Zmith writes, UK gay bars were raided repeatedly by police who were hunting poppers and using the arm of the law to stamp out queer sexuality in the mid-1980s. A stark symbol of the stigma gay men endured during the AIDS crisis, Zmith writes that some officers wore rubber gloves during the gay bar raids, apprently to protect themselves from the virus.

Both the UK and Australia have tried to ban poppers, and products containing alkyl nitrites are considered drugs in Canada and require a prescription.

The Stonewall Riots cemented the permanence and the resilience of the queer identity, and the rise of queer culture after that moment in turn increased the popularity of poppers. Over-the-top homoerotic ads selling poppers appeared in the decades following Stonewall, promising explosive orgasms, hard fucking, and beautiful, muscle-toned men. Poppers had attained their status as a gay sex staple.
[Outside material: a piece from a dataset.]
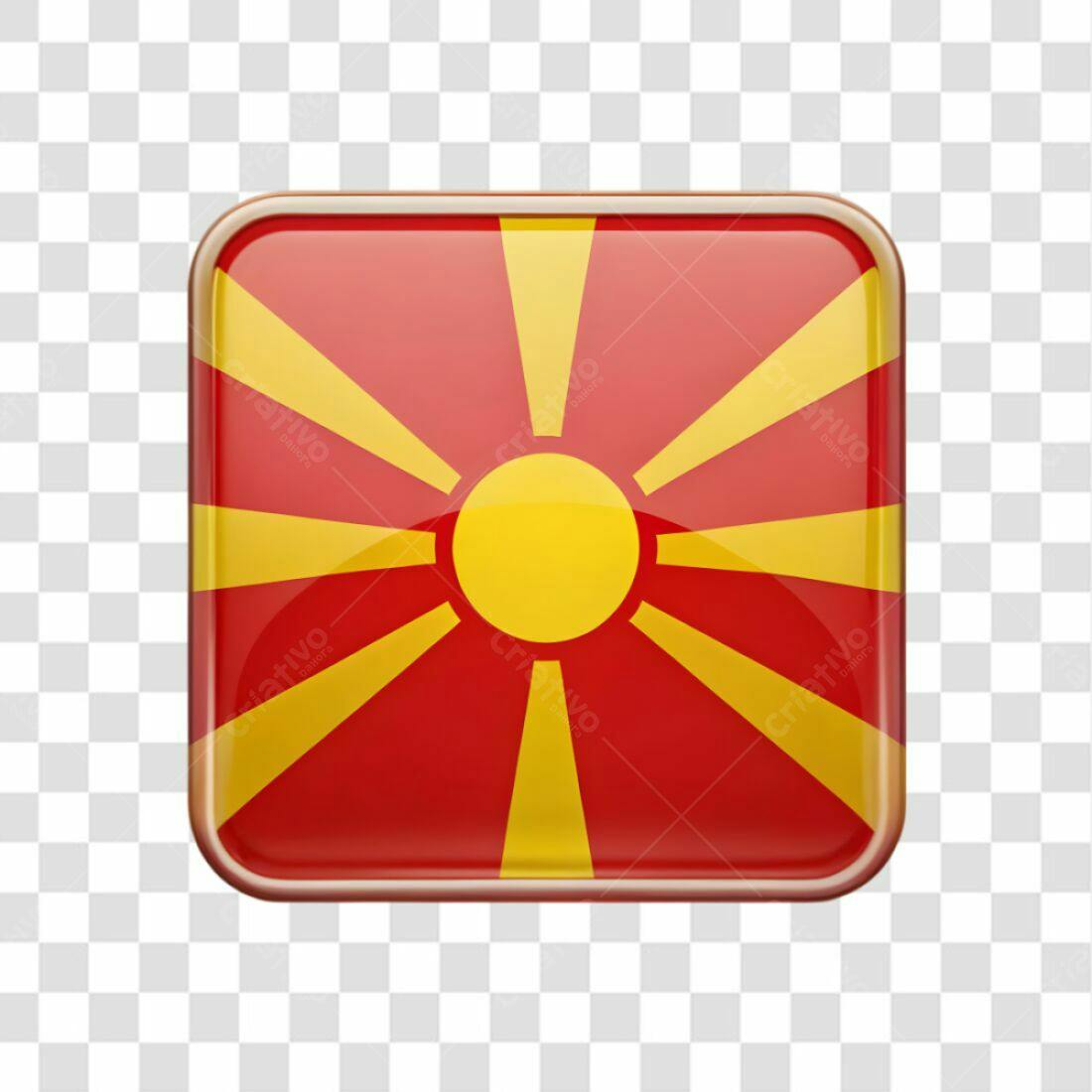 Icone Bandeira Macedônia PNG com fundo transparente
But the hard-fought sexual freedom enjoyed in the 1970s was cut short by reports of a rare cancer soon seen among a small but growing number of gay men.

Years into the AIDS crisis, two gay activists in the U.S. published a book in the mid-1980s warning that poppers could cause or were at least a cofactor for AIDS, though their arguments were later entirely discredited. U.S. lawmakers banned butyl nitrate, a common substance in poppers, in 1988 and two years later banned the broad class of chemicals known as alkyl nitrites in the Crime Control Act of 1990, a bill sponsored by then-Senator Joe Biden. Prosecutors at one point also charged two men for selling poppers in 1996, though sentences were minor.